En réalité, trois indicateurs enregistrés par le scanner ont interpellés la CNIL :
- l’enregistrement des articles “scannés trop rapidement”, soit en moins de 1,25 secondes ;
- l’enregistrement du “temps d’inactivité” (“idle time”), à savoir le temps de la période d’inactivité, de pause ou d’interruption pendant plus de 10 minutes ;
- l’enregistrement du temps écoulé entre le moment où l’employé a badge à l’entrée du site et celui où il a scanné son premier colis .
De fait, la CNIL considère que ces trois indicateurs sont illégaux. D’autant plus que la CNIL a relevé que les salariés et visiteurs extérieurs n’étaient pas correctement informés des systèmes de surveillance (obligation d’information et de transparence issue des articles 12 et 13 du RGPD). La CNIL a également estimé excessif le fait de conserver toutes les données recueillies par le dispositif sur une durée de 31 jours.

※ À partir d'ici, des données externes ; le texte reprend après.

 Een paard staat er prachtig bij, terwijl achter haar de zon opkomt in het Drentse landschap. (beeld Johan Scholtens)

II. Une surveillance faisant peser une pression continue sur les salariés
Ce système, enregistrant entre autres les temps de pause supérieurs à 10 minutes, a été condamné par la CNIL en ce qu’il conduisait “les salariés à devoir potentiellement justifier de chaque pause ou interruption”. La CNIL considère en outre que ces enregistrements multiples font peser sur les salariés “une pression continue”.

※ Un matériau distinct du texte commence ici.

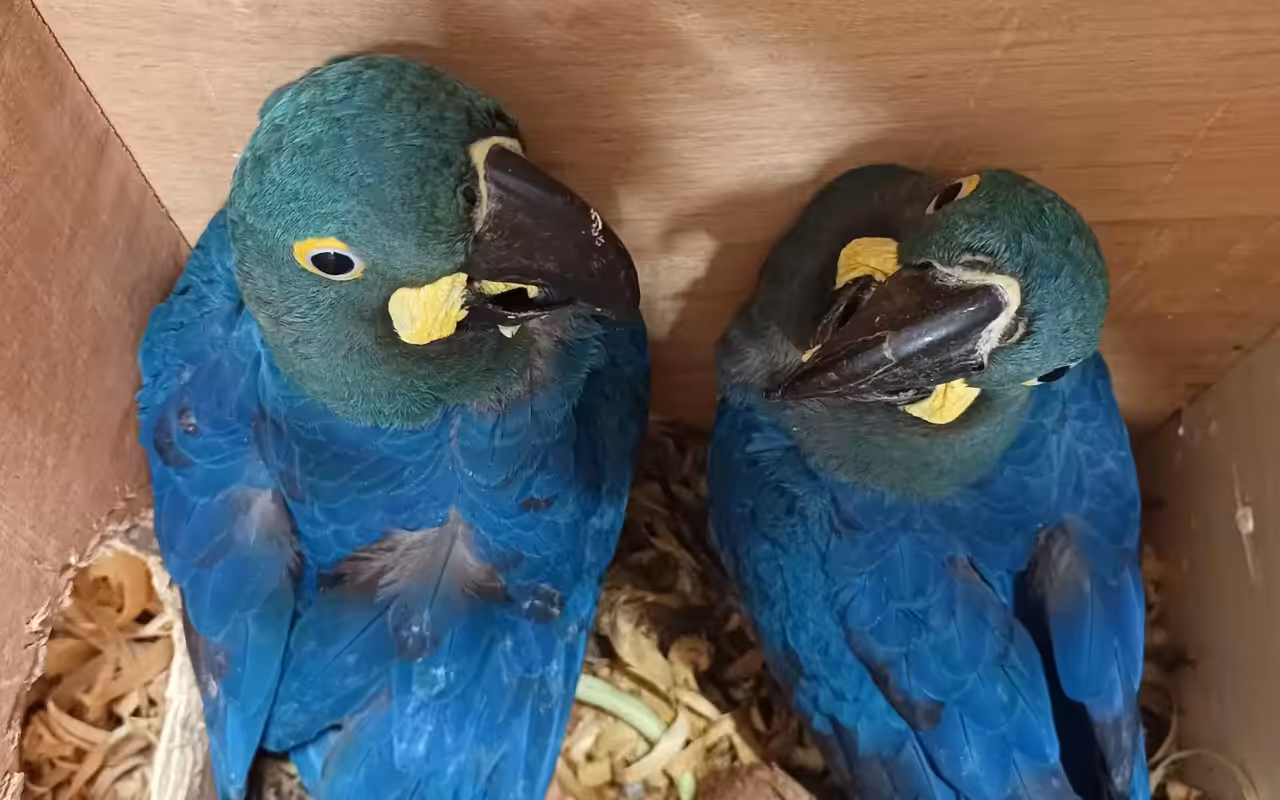 Alemanha lidera como destino europeu do tráfico de animais da América Latina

De fait, si la CNIL considère que ce système de surveillance par scanner peut se justifier par un objectif d’efficacité dans la gestion des colis, celle-ci considère en revanche que la triple mesure de surveillance apparait disproportionnée et excessive.

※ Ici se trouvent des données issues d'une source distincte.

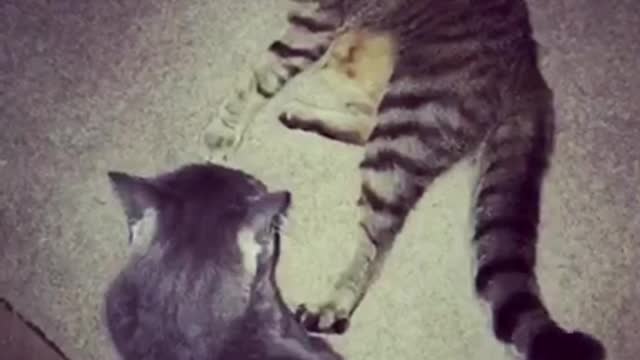 Grey and brown cat fight wrestle on carpet in dark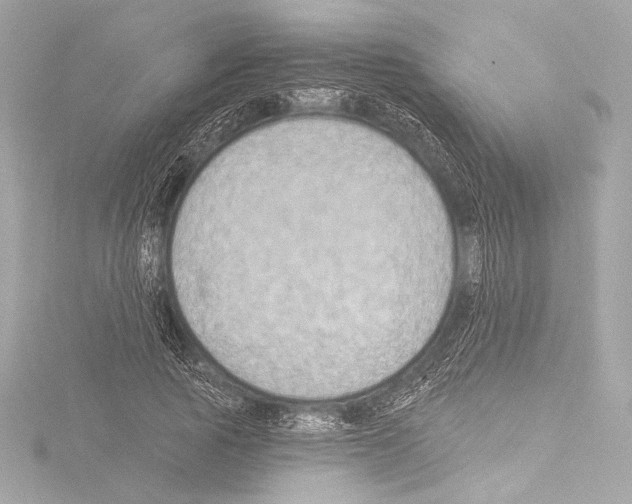 X0000115530737200912181526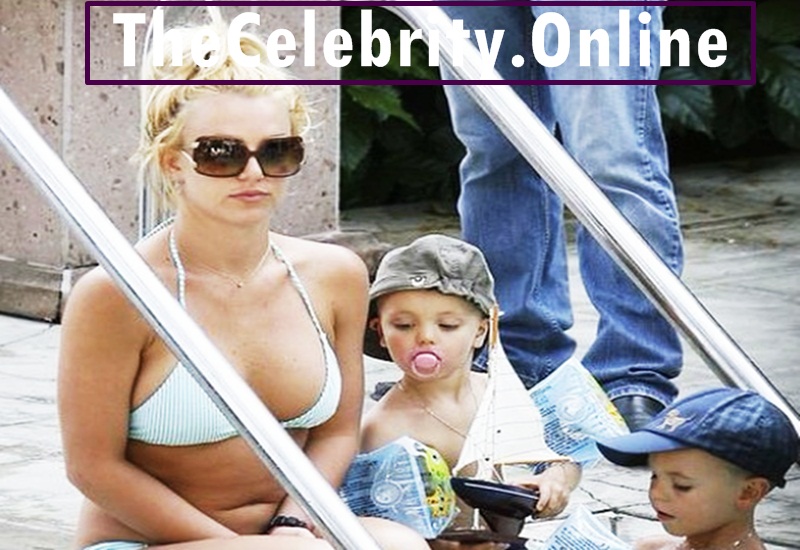 Britney Spears Gives Up Her Career Amid Guardianship Battle With Her Father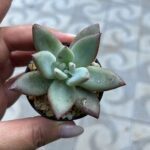 A person is holding a small plant in a black pot.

III. Une amende “quasiment sans précédent”
Le montant de cette amende est en réalité “quasiment sans précédent”, en ce qu’il équivaut environ à 3% du chiffre d’affaires de l’entreprise française. Le maximum encouru étant à 4% du chiffre d’affaires. Pour déterminer ce montant, la CNIL s’est fondée sur un ensemble d’éléments, tels que que traitement des données des salariés au moyen de scanners était distinct des méthodes classiquement utiliser pour suivre les activités en raison de leur importance, et conduisait a à un suivi “très resserré et détaillé du travail des salariés”. La CNIL a également pris en compte le nombre important de salariés concernés, soit plusieurs milliers.
Amazon s’est toutefois défendu dans un communiqué, énonçant sa faculté de faire appel de la décision et arguant que “l’utilisation des systèmes de gestion d’entrepôt est une pratique courante du secteur : nécessaires pour garantir la sécurité, la qualité et l’efficacité des opérations, et pour assurer le traitement des colis dans les délais et conformément aux attentes des clients”. Le groupe dispose alors d’un délai de 2 mois pour exercer un recours devant le Conseil d’État.
Quant à l’AFP, celle-ci affirme qu’elle se réserve encore la “possibilité de faire de nouveaux contrôles”.